What businesses need to know about getting a line of credit?

Liberty Capital Group | Alternative Small Business LoansSmall Business AdviceWhat businesses need to know about getting a line of credit?



What businesses need to know about getting a line of credit?

Finding the right type of funding for your business depends on many factors, but there is no shortage of options, including bank loans, credit cards, crowdfunding, Small Business Administration loans, office equipment financing and leasing, merchant cash advances and lines of credit.

So, what should you choose? Well, businesses looking for flexible funding that can improve their credit rating and that can be used again and again might find a line of credit attractive.

What is a line of credit?

Similar to a credit card, a line of credit allows your business to borrow up to a set amount while paying interest only on the money being borrowed. You can choose how much to draw at a time, and then make payments and borrow again.

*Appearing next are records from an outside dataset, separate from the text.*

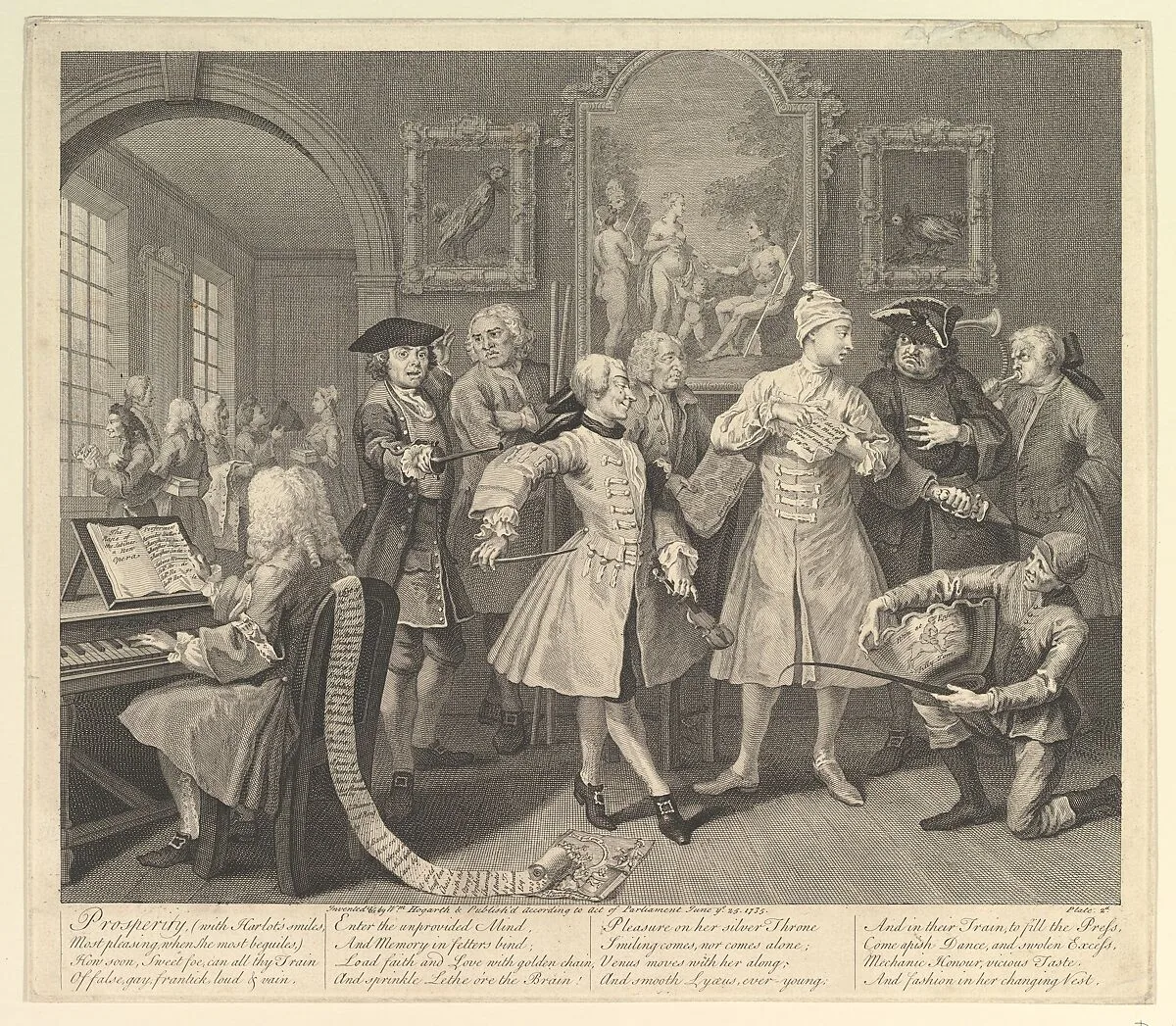A Rake's Progress, Plate 2 — William Hogarth|Dr. John Hoadley|Gérard Jean-Baptiste Scotin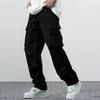 Men's Pants Casual Trouser Multi Pockets Workwear Straight Wide Leg Solid Color Soft Comfort Plus Size Korean Fashion Sweatpant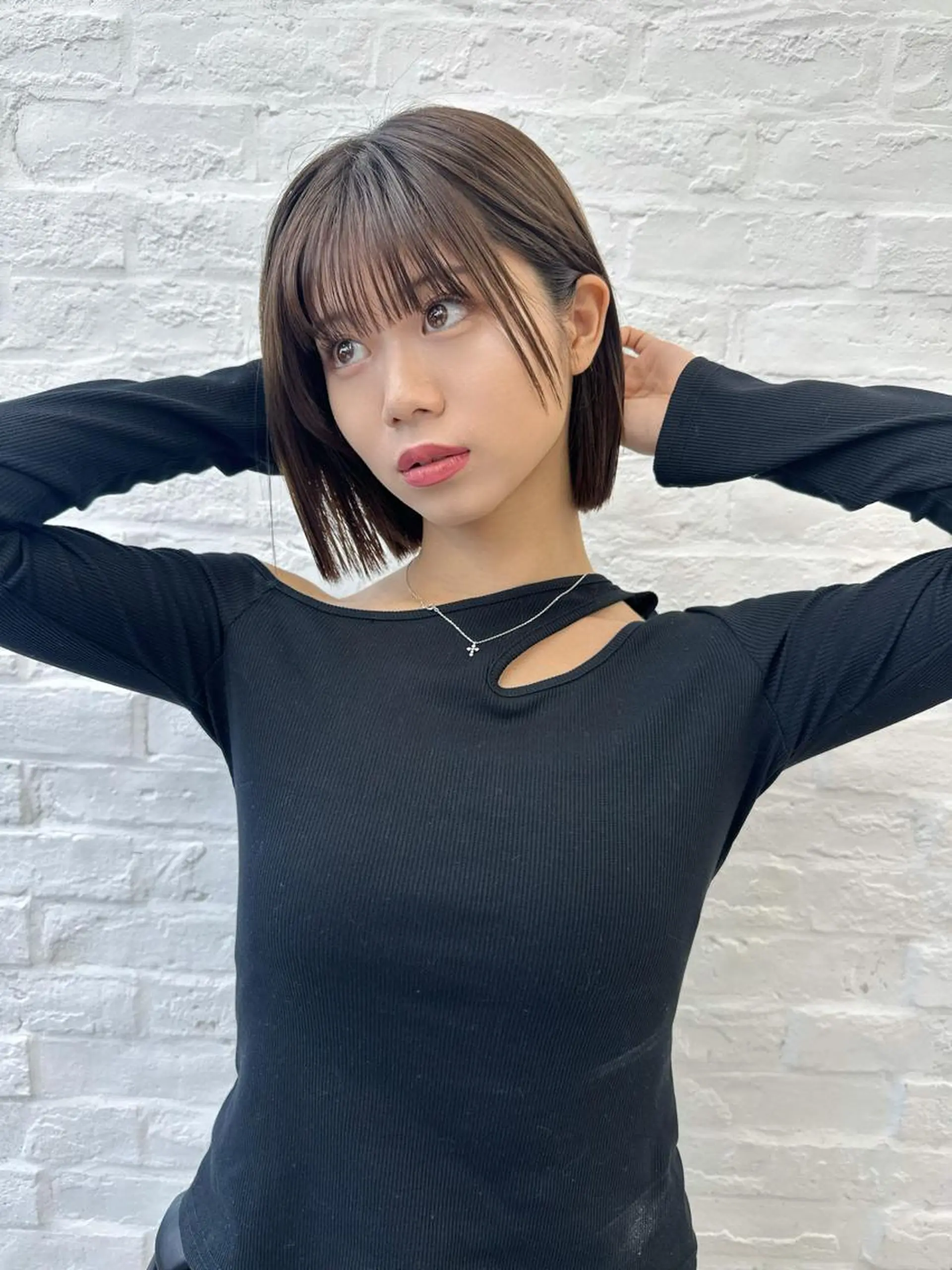 ミディアム 切りっぱなしボブ ショートボブ ボブ くびれヘア タンバルモリ カット ヘアカラー トリートメント 市原 大翼のヘアスタイル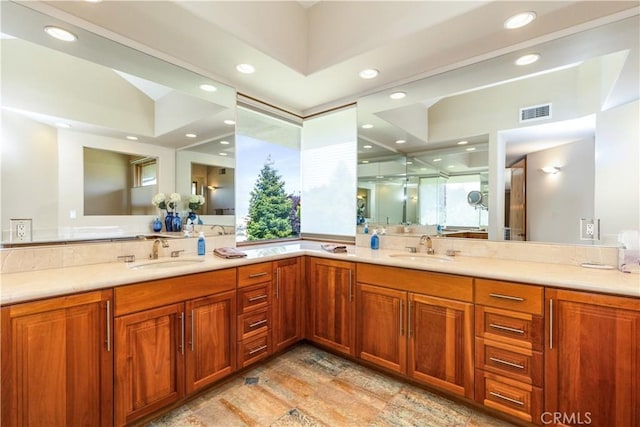 2340 Battering Rock Rd, Templeton, CA 93465 - bathroom with double vanity, recessed lighting, and a shower stall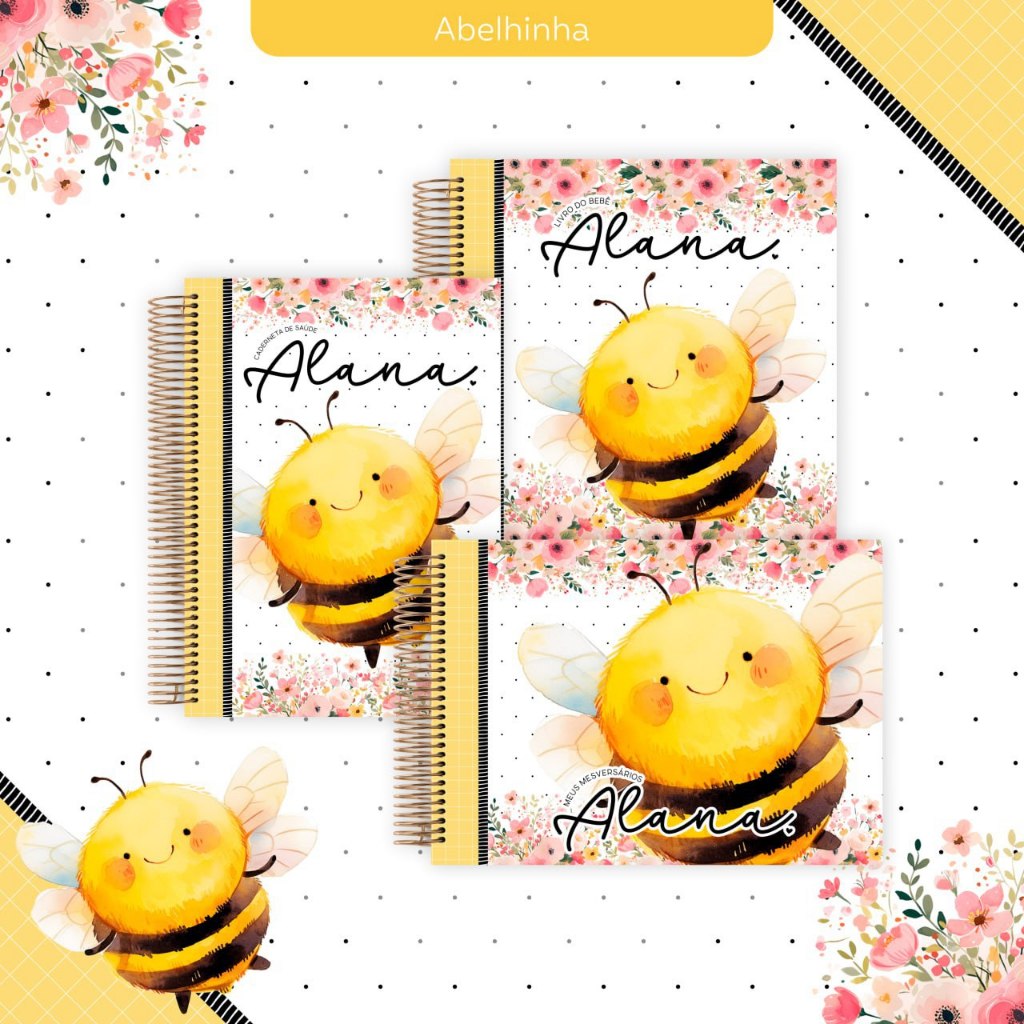 Caderneta de Vacinação Menina Capa Dura Personalizada Atualizada com Nome Alfabeto - caderneta abelhinha abelinha abelha
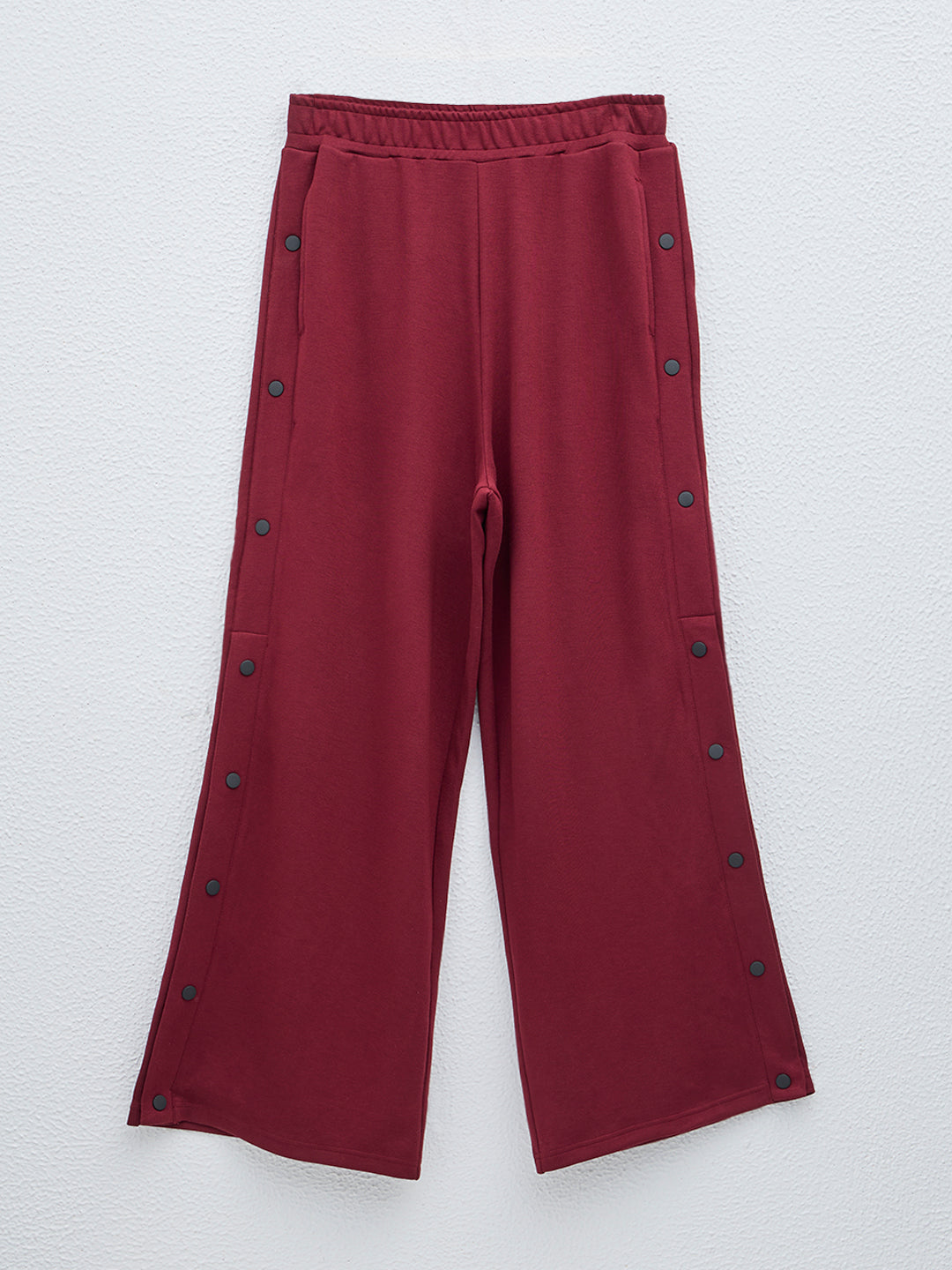 LOV Burgundy Solid High-Rise Cotton Blend Pants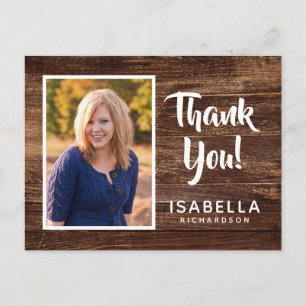Photo Graduation Thank You   Rustic Wood Postcard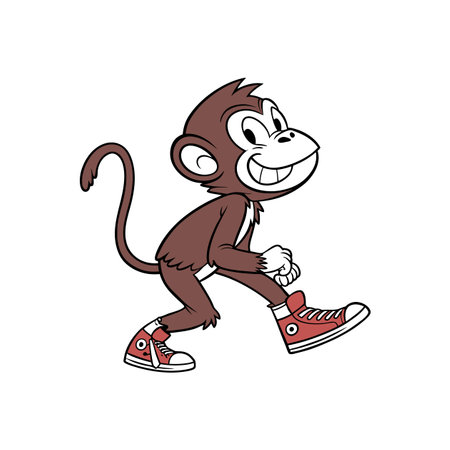 Cheerful cartoon monkey character strolling in red sneakers illustration
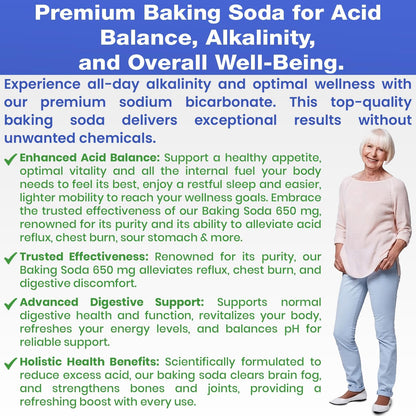Kidney Restore Natural Baking Soda Capsules 650 mg – Aluminum-Free Sodium Bicarbonate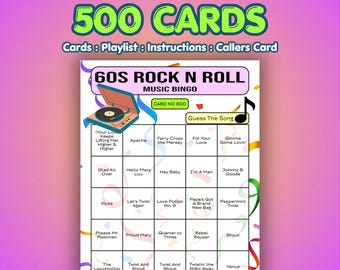 60s Music Bingo Cards – 1960s Rock N Roll | 500 Cards | Large Group Game | Song Quiz Game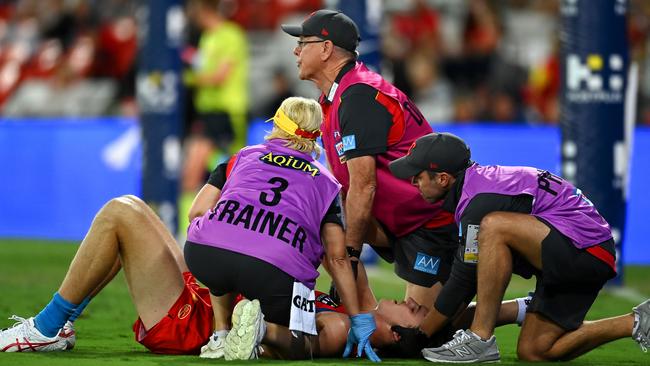 Ballard was taken from the ground on a stretcher. (Photo by Albert Perez/AFL Photos via Getty Images)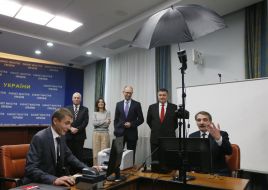 Eka Zguladze, Arseniy Yatsenyuk and Arsen Avakov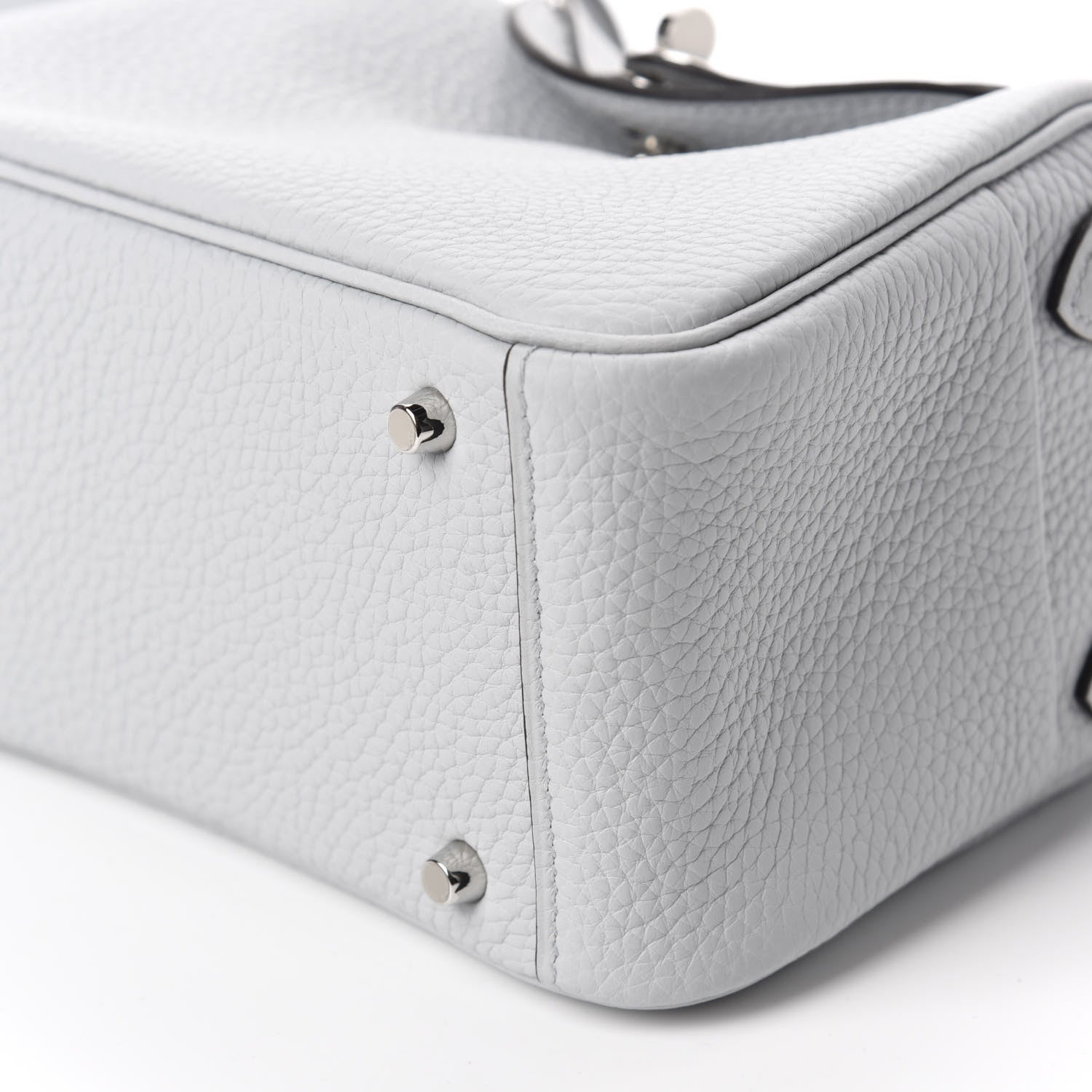 Hermes Taurillon Clemence Mini Lindy 20 Bleu Pale 7 of 11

Some lines of credit have a limit and some are open, according to Liberty Capital Group. Most are revolving, meaning funds replenish after you repay them.

This is different from a term loan, which is a one-time loan with a set repayment plan. With a line of credit, you’ll have a certain amount of time during which you can withdraw money. Your lender may give you a card, checks or the ability to transfer money to a checking account.

Minimum Qualifications

Most lending institutions have qualification requirements for a line of credit, including a good credit score, strong cash flow, and a history of being in business.

What a lending institution considers a good credit score varies, but Nerdwallet estimates most borrowers need a score of at least 500.

As for cash flow, the higher it is, the greater the amount you can access. In fact, it’s when you have the highest cash flow that you should apply.

“Banks are ready to provide loans when you have a strong cashflow and you are not too desperate to get the money,” Liberty Capital Group said.

Some lenders require a business to have been running for a certain amount of time, from a few months to a few years.

Starting with a small line of credit can increase your chances of being approved. Over time, you can increase the amount and get a lower interest rate as you develop a relationship with your lender.


Some lenders charge a monthly or annual maintenance fee if you don’t use the line of credit. Draw fees may also apply.

Interest begins accruing when you make the first withdrawal. Rates may be as low as 5% or as high as 25% or more, according to The Balance – offering collateral may help lower your interest rate.

If you reserve the line of credit for special purchases or to stock up prior to a busy season and then pay the balance quickly, you can avoid paying interest while keeping your account active.

What If You Don’t Quality

Whether your business is new or you’re still trying to build cash flow, there are several reasons you may not qualify for a line of credit. You still have options, the next best likely being a term-loan or a merchant cash advance.

“You can then decide if the program that’s available for the current ‘credit risk profile’ could provide value to the business,” Liberty Capital Group said. “Our goal is to place you where you most qualify for the product and use fund accessibility.”